Le Tribunal administratif de Montreuil a été saisi par M. A d’un recours pour excès de pouvoir contre le refus implicite de la commune de Bobigny de lui communiquer son dossier administratif individuel. Par un mémoire enregistré le 3 novembre 2023, le requérant s’est désisté purement et simplement de l’ensemble de ses conclusions. En application de l’article R. 222-1 du code de justice administrative, le président de la 4ème chambre a donné acte de ce désistement par une ordonnance du 19 août 2024. Aucune autre mesure n’a été prononcée.

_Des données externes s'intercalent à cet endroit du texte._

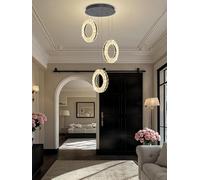 Stesulfr Crystal Chandelier LED Modern Interior Decorative Lighting Fixtures Kitchen Island Hanging Lamp Gold Round Lights Dining Room Foyer Entrance Corridor Pendant Light with Remote Control(Black-3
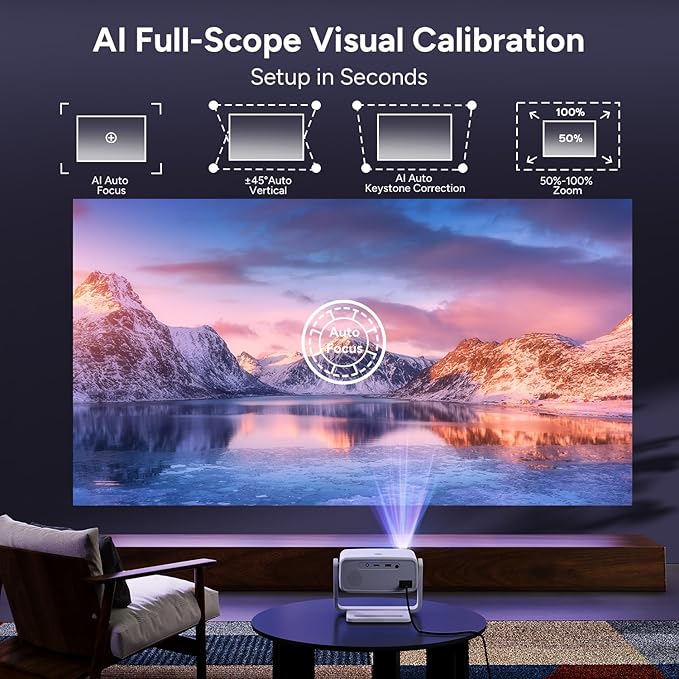 4k Projector with WiFi and Bluetooth, Outdoor Smart Projector 4k Auto Focus & Voice Control, Built-in 10,000+ Apps Native 1080P Proyector for Home Movie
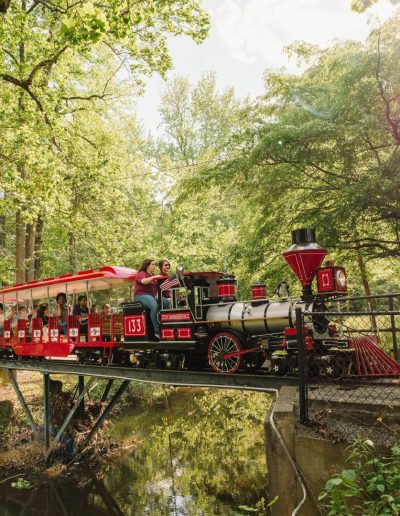 Burlington City Park miniature train crossing a bridge through the woods.
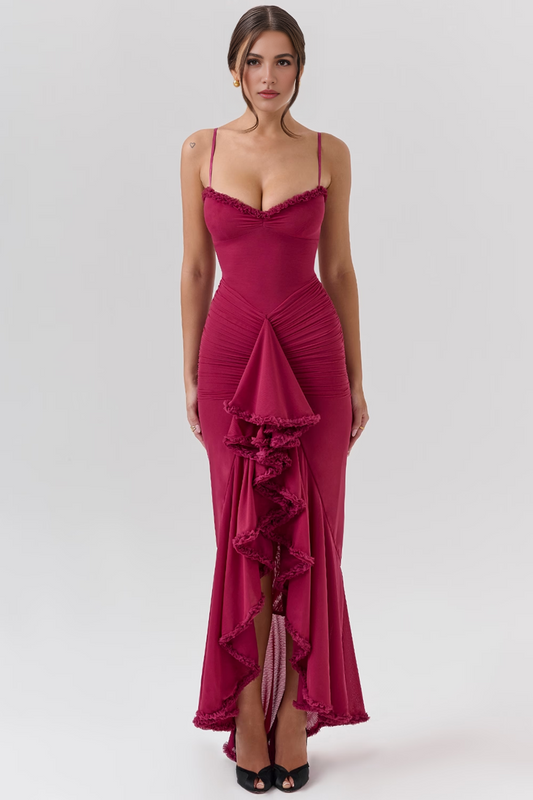 Wine Bodycon Midi Dress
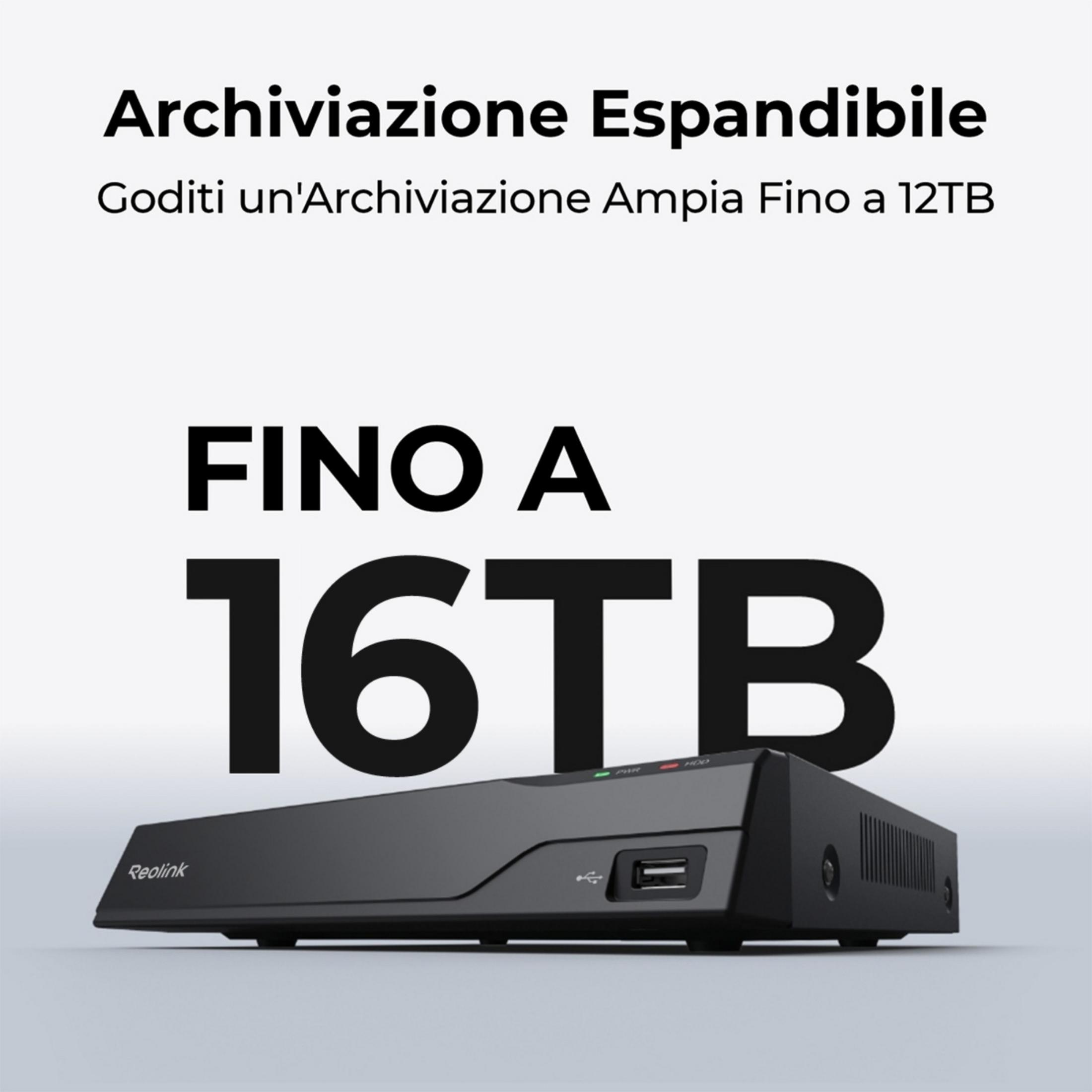 Ein schwarzes Reolink-Gerät mit der Aufschrift 16TB. Archivierung bis zu 16TB.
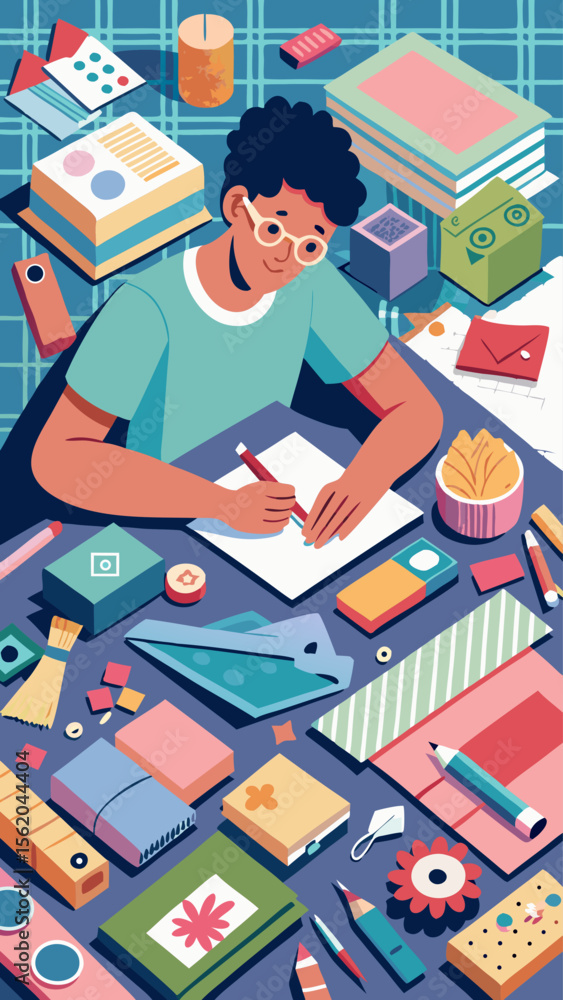 Poster a man is writing on a piece of paper in front of a cluttered desk. the desk is filled with various i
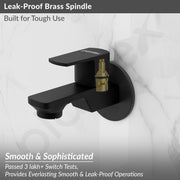 Plantex Single Lever Water Tap for Bathroom with Water-Saving Aerator/Wall Mount Bib Cock with Wall Flange and Teflon Tape/Brass Spindle Bib Tap for Home (Saga-Black)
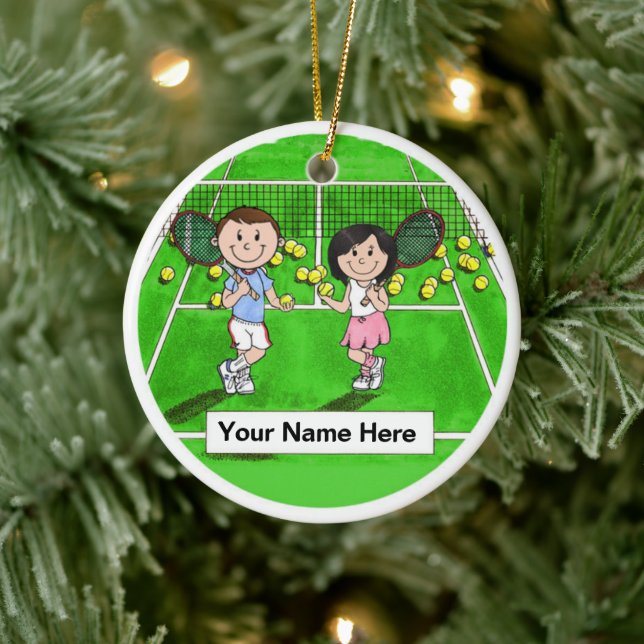 Personalized Tennis Players - Custom Hair Colors Ceramic Ornament (Tree)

Le Tribunal Administratif de Rennes, statuant en référé, a rejeté la demande de suspension de la décision du 11 juin 2024 par laquelle la directrice générale du CHRU de Rennes a refusé de placer Mme B en congé pour invalidité temporaire imputable au service (CITIS). Le juge a estimé que la condition d'urgence n'était pas remplie, la privation de traitement invoquée par la requérante résultant de son placement en disponibilité d'office et non de la décision contestée. Il a également considéré qu'aucun moyen soulevé n'était propre à créer un doute sérieux sur la légalité de la décision, l'avis du comité médical départemental, fondé sur un taux d'incapacité inférieur à 25%, n'étant pas contesté par des éléments médicaux suffisamment probants. La requête a été rejetée, y compris les conclusions présentées au titre de l'article L. 761-1 du code de justice administrative.
Le Tribunal Administratif de la Guadeloupe, statuant en référé, a rejeté la demande de suspension de la décision du 21 mai 2024 du centre hospitalier universitaire de la Guadeloupe, qui renouvelait M. A dans ses fonctions de chef de service en cardiologie pour une durée d'un an. Le juge a estimé que la condition d'urgence n'était pas remplie, faute pour le requérant de démontrer une atteinte suffisamment grave et immédiate à un intérêt public ou à sa situation. La demande a été examinée sur le fondement de l'article L. 521-1 du code de justice administrative.